2.3. Performance and sample collection

Birds and feed leftovers were weighed at 42 days of age to calculate feed intake (FI), weight gain (WG), and feed conversion ratio (FCR). Mortalities were recorded throughout the experimental period, and the necessary corrections of performance data were carried out.

At 42 days old, three birds with weights closest to the average weight for their respective experimental unit were selected. One bird was used for blood collection. After blood collection, the bird was euthanized by cervical displacement and slaughtered. Liver samples were collected, stored individually in cryogenic tubes, and placed in liquid nitrogen. These samples were transferred to freezer storage at −80 °C until the RNA extraction process.

The two remaining birds, after 8 h of fasting, were euthanized by cervical displacement and slaughtered to measure the yield of carcass, breast, and thigh with drumstick, as well as the relative weight of the lymphoid organs (bursa and spleen), liver, intestine, and abdominal fat. Carcass yield (CY) was calculated in relation to living weight before slaughter [%CY = (carcass weight × 100)/live weight] and breast and thigh yield with drumstick, and as a function of carcass weight [%Part = (part weight × 100)/carcass weight]. The relative weights of the bursa, spleen, liver, intestine, and abdominal fat were calculated in relation to the live weight of the birds before slaughter.

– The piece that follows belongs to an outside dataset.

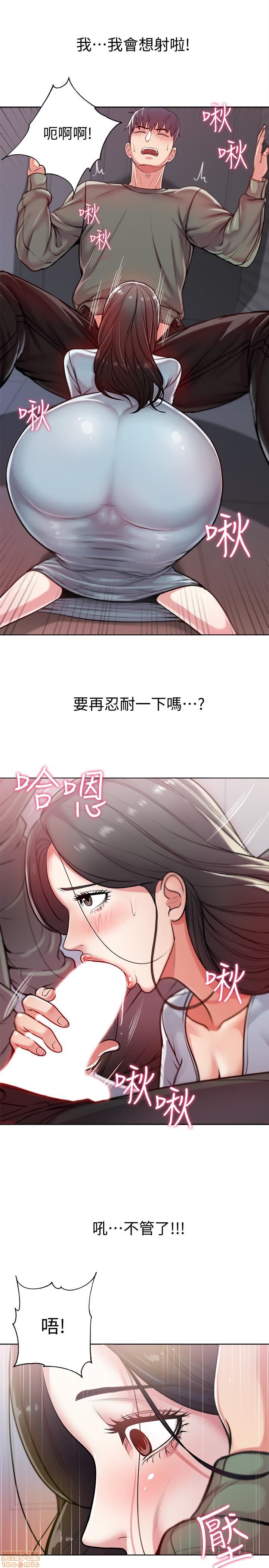 Eunhye's Supermarket Raw Chapter 2 Page 71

2.4. Serum parameter measurement

The collected blood was used to analyze serum levels of glucose, uric acid, triglycerides (Cobas c 311; Roche Diagnostics GmbH, Basel, Switzerland), and the hormones triiodothyronine (T3) and tetraiodothyronine (T4; Atellica IM, Siemens Healthcare Diagnostics Inc, New York, USA), following the manufacturer's instructions. To measure MDA, 2.5 mL of 20% trichloroacetic acid and 1.0 mL of 0.67% thiobarbituric acid were added to 0.5 mL of serum; the mixture was then heated for 30 min in boiling water. The resulting chromogen was extracted with 4.0 mL of n-butyl alcohol. The absorbance of the organic phase was determined at a wavelength of 530 nm.

2.5. Total RNA extraction, cDNA synthesis, and RT-qPCR analysis

Total RNA was extracted from 50 mg of powdered liver samples, using TRIzol^® (Invitrogen, Carlsbad, CA, USA) according to the manufacturer's instructions. The resulting precipitate was rehydrated with 25 μL of UltraPure DNase/RNase-Free water. The RNA concentration was estimated using a NanoDrop^TM Lite Spectrophotometer (ThermoFisher Scientific, Beverly, MA, USA). RNA integrity was determined in 1.0% agarose gel. The first cDNA strand was synthesized using High-Capacity cDNA Reverse Transcription Kits (Applied Biosystems, Thermo Fisher Scientific, Beverly, MA, USA). The primer sets used are shown in Table 2; β-actin (β-ACT) was used as the reference gene for data normalization. The following target genes were assessed: heat shock protein 70 (HSP70), nuclear factor-κB (NF-κB), glutathione peroxidase (GPX), and Cu,Zn-superoxide dismutase (SOD1).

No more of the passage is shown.